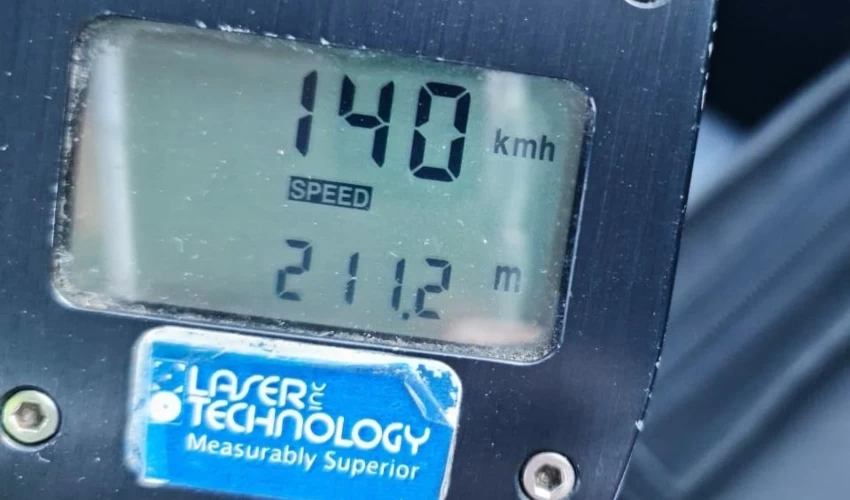 מהירות הנסיעה כפי שנקלטה בממל"ז (צילום: דוברות המשטרה)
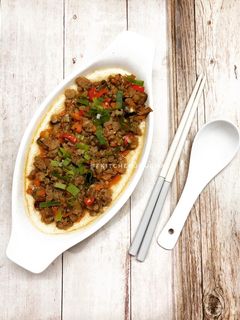 Foto resep Steam tahu daging cincang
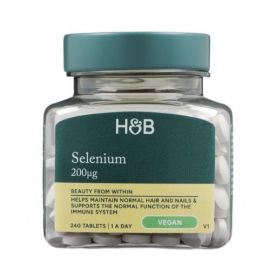 Selenium Holland & Barrett 200mcg - 240 tabletek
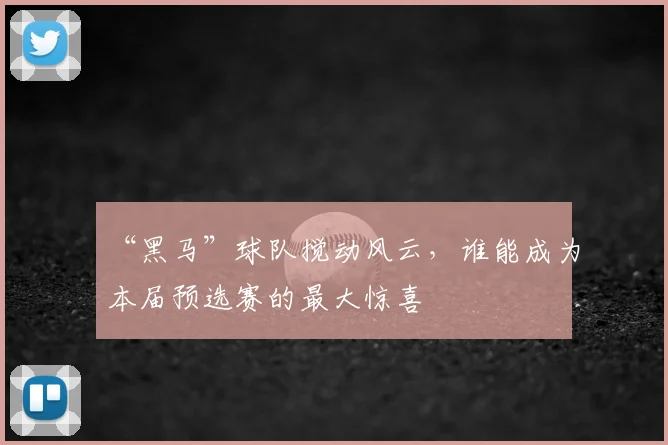“黑马”球队搅动风云，谁能成为本届预选赛的最大惊喜
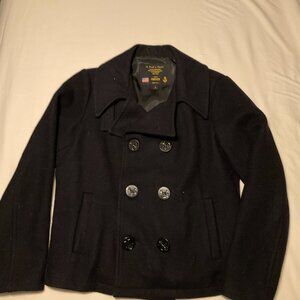 Fidelity by Gerald & Stewart Peacoat Women's Medium Navy Blue Wool WPL8740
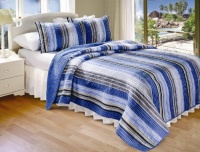 Greenland Home Brisbane Quilt Set, Full/Queen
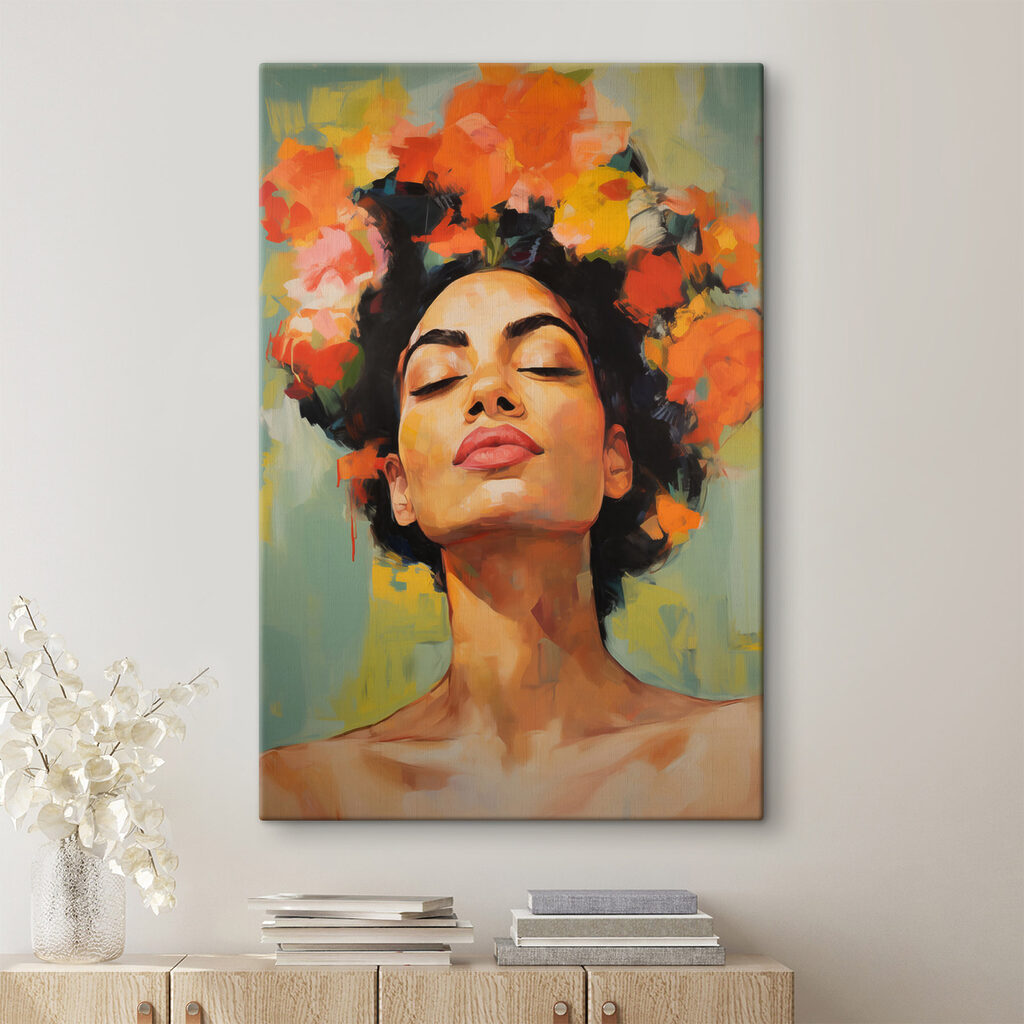 Coroa de flores laranja — interior 1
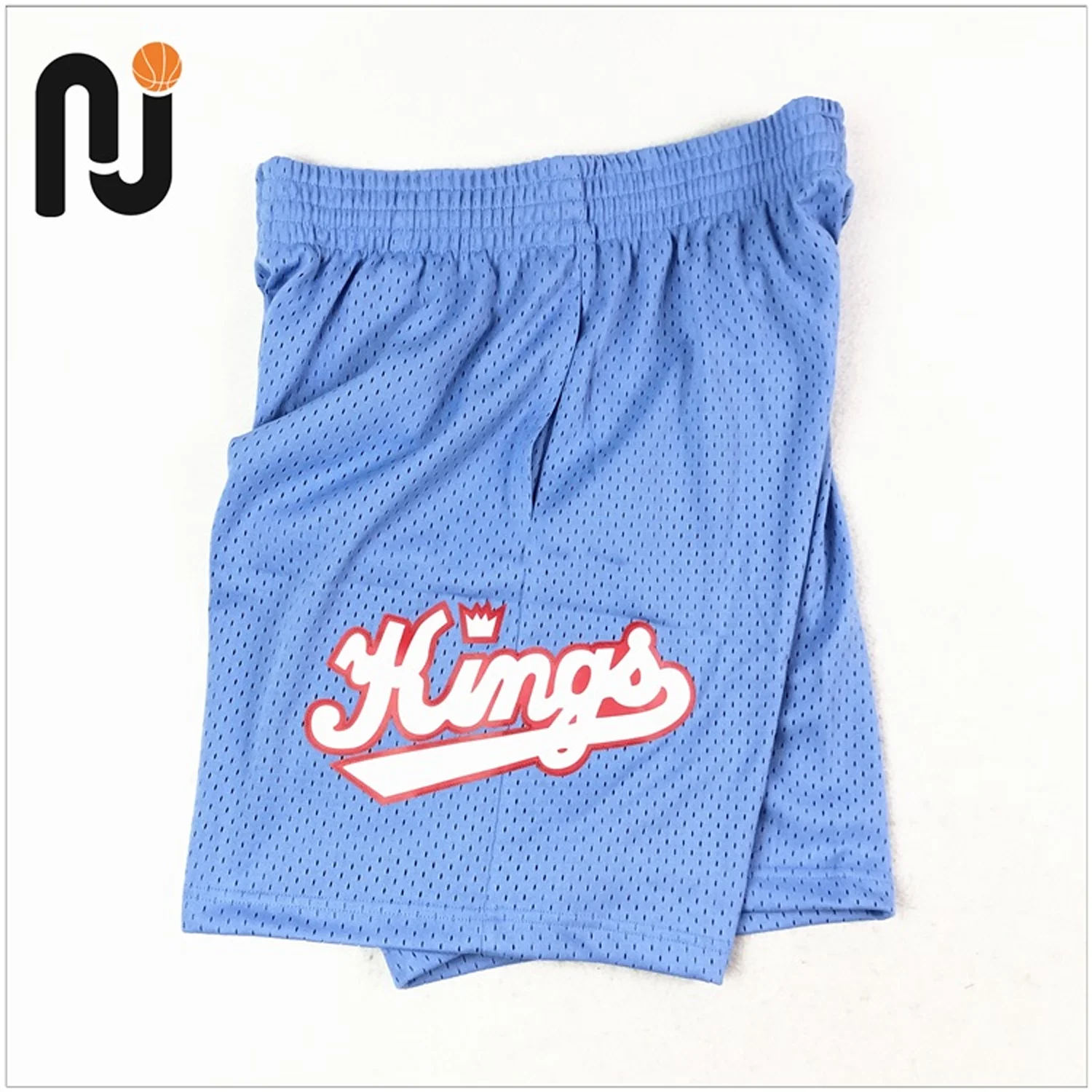 M&N Basketball 85/86 Sacramento Swingman Shorts-Bule Classic Vintage NBA Kings Unisex Retro Loose Pants Adults/kids Reggie Theus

________________

## WHAT TO DO
Give back the data verbatim. The pictures are not part of the copy.

## ANSWER BOX
 מהירות הנסיעה כפי שנקלטה בממל"ז (צילום: דוברות המשטרה)
 Foto resep Steam tahu daging cincang
 Selenium Holland & Barrett 200mcg - 240 tabletek
“黑马”球队搅动风云，谁能成为本届预选赛的最大惊喜
 Fidelity by Gerald & Stewart Peacoat Women's Medium Navy Blue Wool WPL8740
 Greenland Home Brisbane Quilt Set, Full/Queen
 Coroa de flores laranja — interior 1
 M&N Basketball 85/86 Sacramento Swingman Shorts-Bule Classic Vintage NBA Kings Unisex Retro Loose Pants Adults/kids Reggie Theus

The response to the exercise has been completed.